By Andrew Lee Butters / Ras Lanuf

The whipping sandstorms, low visibility, and stray camels make the five-hour car ride from Benghazi to the oil refinery town of Ras Lanuf a tense one even in normal times. But these days there is nothing normal going on in Ras Lanuf, which lies on the front lines of the clashes between Libya’s volunteer rebel army and forces loyal to the country’s dictator, Colonel Muammar Gaddafi. On Saturday when TIME visited, the gates of Ras Lanuf were guarded by a platoon of opposition irregulars with anti-aircraft guns and recoilless rifles mounted onto the backs of pickup trucks.
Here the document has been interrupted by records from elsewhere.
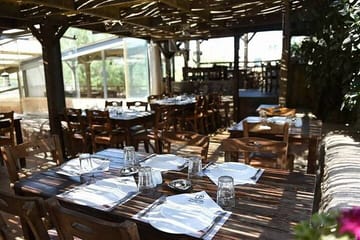 Private Madaba Haret Jdoudna Restaurant Lunch or Dinner from Dead Sea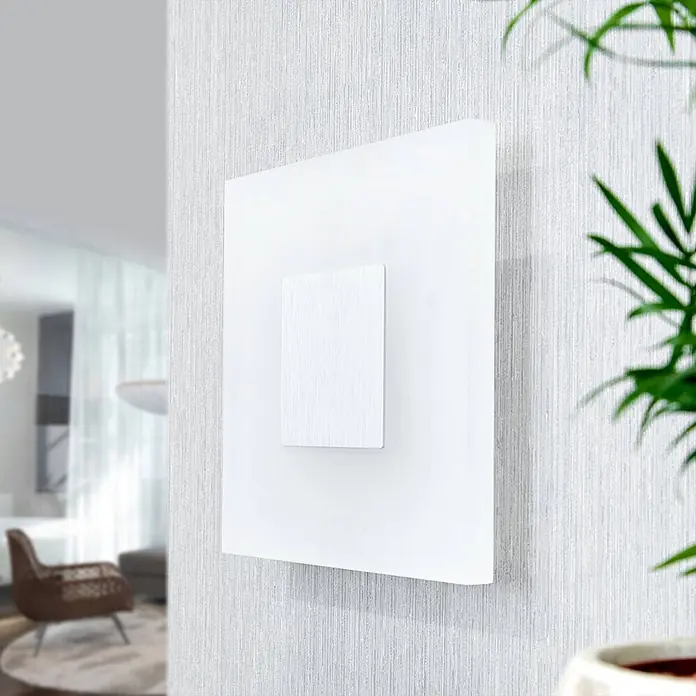 Lucande Wandleuchte Berlind - L x B x H: 6 x 26 x 26 cm, weiß / opal - Weißes, texturiertes Smart Home Bedienfeld an einer hellen Wand montiert.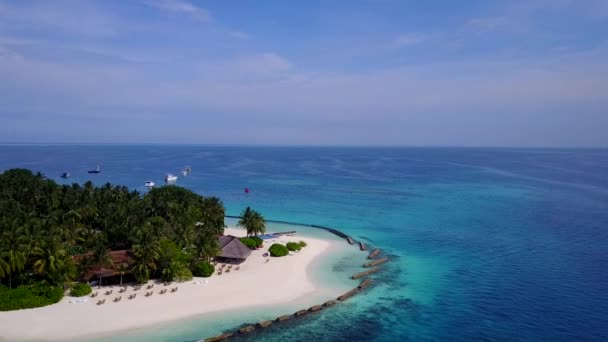 Letecký drone oblohy krásného ostrova plážový čas podle modrého oceánu s bílým pískem pozadí — Stock video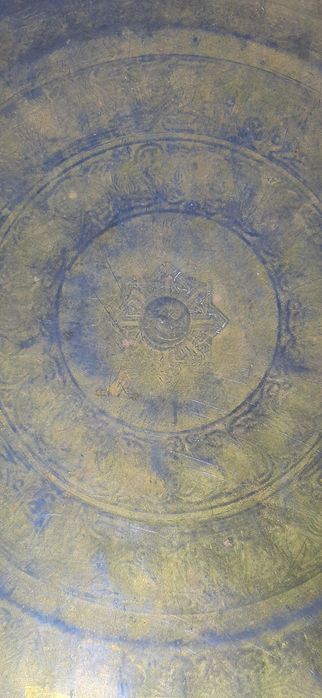 Гравиран меден поднос с традиционни български мотиви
But calling this a front-line may overstate the level of organization and planning behind the rebel advance. Though opposition forces have been slowly moving west from their stronghold in Benghazi along the about 700-mile coastal highway to Tripoli, the country’s capital and the center of Gaddafi’s power, Ras Lanuf has changed hands several times. As has Bin Jawad, the next town west down the coastal highway. And looking at the leaderless bands of pick-up trucks gathering at checkpoints to make fresh sorties on government positions with weapons newly acquired from raided government arsenals that they barely know how to use, it’s hard to think of this as anything like a conventional army. But what’s clear is Libya’s desert geography — and Muammar Gaddafi’s attempt to violently suppress what was once a peaceful movement — has transformed the country’s pro-democracy uprising into the first military campaign of the Arab Spring. And it’s also clear the desert is an arena in which people power plays at a disadvantage.
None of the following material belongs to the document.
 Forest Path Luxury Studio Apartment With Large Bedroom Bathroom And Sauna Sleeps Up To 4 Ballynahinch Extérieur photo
For a dictatorship that’s been in power for 42 years, the Libyan government collapsed with remarkable speed in the eastern part of the country — a handful of days around February 17th. Besides the fact that Benghazi has long been a hotbed of dissent to rule from Tripoli, the terrain of the east — hills, forests, and a daisy chain of relatively dense urban centers along the coast — is also more sympathetic to a revolution. But west of Benghazi, the land flattens out, with the white sand of the Mediterranean shoreline giving way quickly to juniper and sage scrub and a seemingly endless expanse of dirt and discarded plastic bags. Towns along the way are small, easy to garrison, spread far apart, and located at highway intersections, or clustered around oil facilities.
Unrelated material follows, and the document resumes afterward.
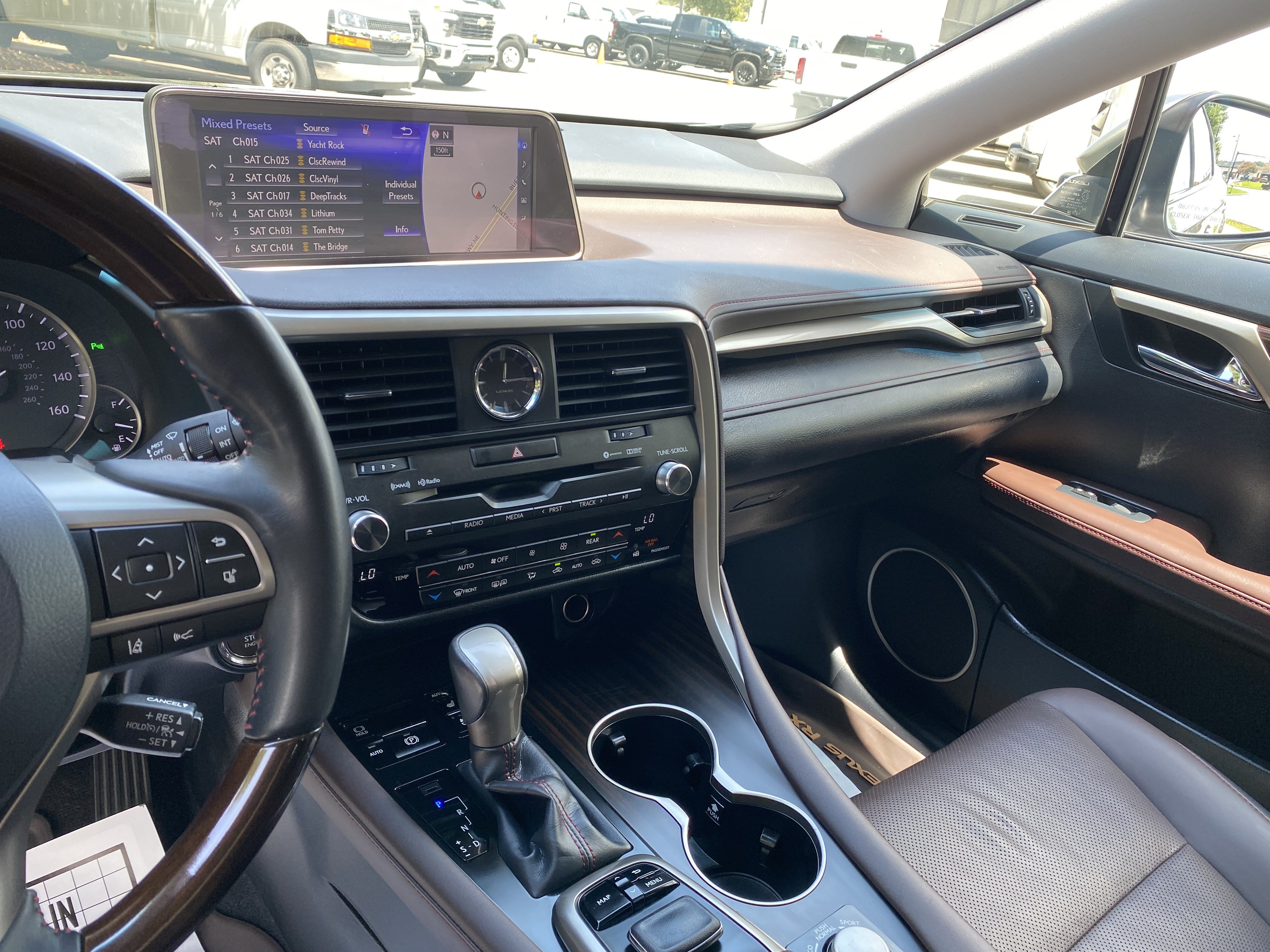 Used 2019 Lexus RX 350L FWD image 23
If eastern Libya is guerrilla country, central Libya is tank terrain. Some of the great battles of World War Two were fought by legendary Axis and Allied tank commanders over the course of several years in a back-and-forth war along the north African coast between Tunisia and Egypt. Of course, nothing like the scale of those battles is going to occur in the Libyan civil war. Only the forces that remain loyal to the Gaddaffi regime have anything resembling a modern army. But therein lies the problem for the opposition. Though much of the Libyan military — already under-funded by a suspicious Gaddafi, who lavished money and materiel on his personal security forces instead — defected to the opposition camp, it has been unable to impose any authority or organization on the rebellion’s volunteers who have been doing most of the fighting. And without air support and armor, speeding down straight desert highways with no cover is almost suicide.

Indeed, given their lack of discipline and training it’s incredible there aren’t more self-inflicted casualties. Besides the usual bouts of idiotic celebratory gunfire, among the many nerve wracking scenes of boys playing with dangerous toys that TIME witnessed near Ras Lanuf included a youngster sitting on top of a huge heap of ammunition boxes at a highway checkpoint and nearly knocking over an open artillery shell crate just so he could get more comfortable. And though the opposition claims an explosion at an ammunition depot near Benghazi that killed more than 20 people on Friday was the work of government saboteurs, it could just as likely have been the result of an accident. Meanwhile, though the Libyan government forces fled Benghazi in disarray, they appear to have regained a measure of composure, and according to reports, have dug into Bin Jawad with sniper positions backed by artillery, helicopters, and fighter jets. Fighting will get even tougher if the rebels move closer to Sert, Gaddaff’s hometown, located about midway between Benghazi and Tripoli.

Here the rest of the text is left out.